Norris: Sure. But urban dwellers can be very provincial too. Provincialism is a human condition. You notice it more in small towns because you know so much more about the community and its people. People complain about the lack of anonymity in a small town, but David and I enjoyed that—the idea that I could walk into the drugstore and know the person behind the counter: I know who her parents and grandparents are—why she left her husband and that her son rodeos. One of the things I find disorienting about urban life is I go to the same grocery store in Honolulu all the time and even though I recognize the clerks by sight and we have nice little exchanges about what I’m buying, I don’t really know them.

Classic: What is the future for plains communities like Lemmon?

Norris: A lot of people who were born and raised on the plains don’t want to leave. They love the land, even though it hasn’t always been good to them. Unfortunately, some are forced to leave because there are no jobs or they can’t farm or ranch the way their parents did. I recently read an article about a study done by one of the South Dakota universities that identified Perkins County, where Lemmon is, as a food desert. People in Perkins County might be 30 to 45 miles from a grocery store. Most people grow some of their own food, but in a drought or if you’re elderly, what access do you have to good nutrition? Not much.

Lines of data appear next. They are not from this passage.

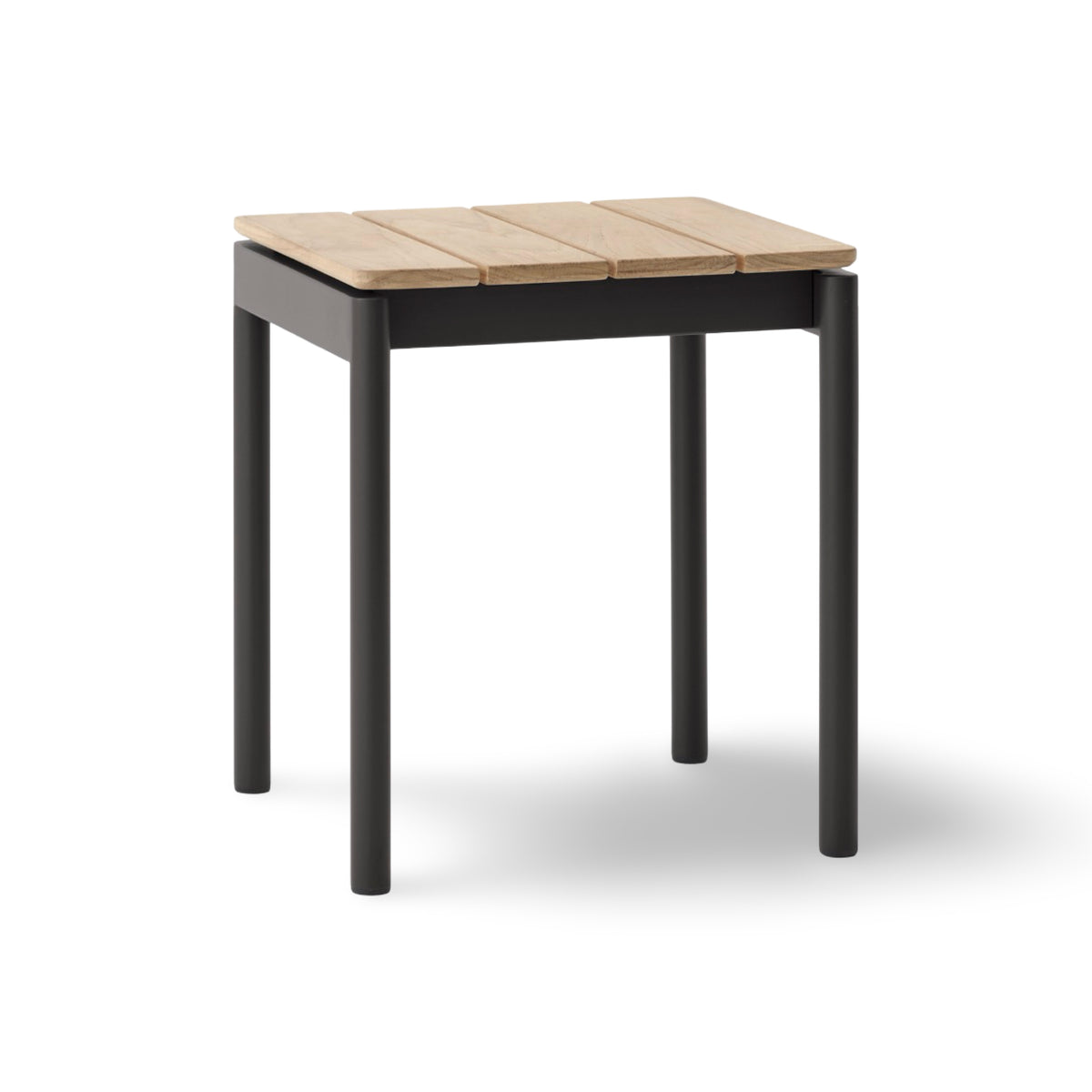 &Tradition Ville Outdoor Stool (AV47)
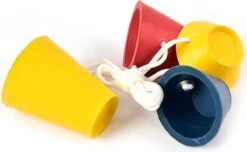 Jobber Golf Wintertees - Golf Tees - Winter Tees - Golf Accessoires -Golfserie Winkel 1200x738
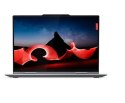 Lenovo Ultrabook ThinkPad X1 2in1 G9 21KE002WPB W11Pro Ultra 7 155U/32GB/1TB/INT/LTE/14.0 2.8K OLED/Touch/Grey/vPro/3YRS Premier Suppor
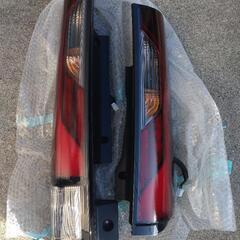 ホンダ　RPステップワゴン　テールランプ Assy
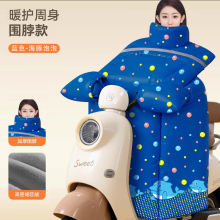 늄�Ħ��܇���L��������ů�ӽq�Ӻ�Ӵ��ƿ܇���L���ˮ܇���L��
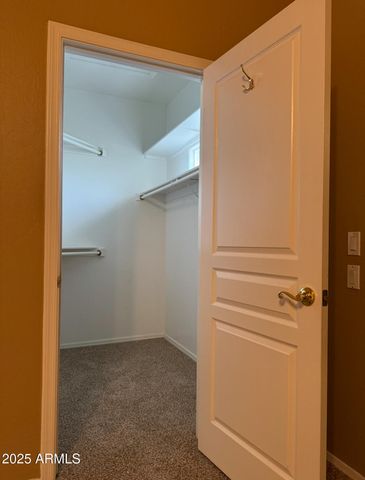 7240 N DREAMY DRAW Drive 114, Phoenix, AZ 85020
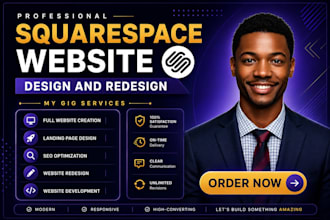 do squarespace website design clone squarespace setup printify website design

Classic: You mostly live in Honolulu now—why did you leave Lemmon?

Norris: Like others, we didn’t leave by choice. David became critically ill, and we had to move near my family in Honolulu. We had to be close to a hospital because the closest specialized care to Lemmon is the hospital in Bismarck, 130 miles away. If David hadn’t gotten so sick, we’d still be happily living in Lemmon, I’m sure.

Classic: When is your next book coming out?

Norris: This fall. It’s called Acedia and Me: Marriage, Monks and a Writer’s Life. “Acedia” means not caring—or worse, not even caring that you don’t care. It leads you to hate the place you are and hate the people you’re with. It’s the temptation to walk away from commitments—to seek a different, illusory place that’s going to be perfect. I think that’s one of our big afflictions in contemporary life. We don’t like to make long-term commitments because they’re too much trouble. The traditional monastic way of dealing with acedia was to pray, meditate and stop fantasizing about leaving. Stick in your place.

Classic: How important is story to enabling one to embrace a place?

Norris: Life wouldn’t be worth living if you couldn’t tell stories about it. Story is the whole point.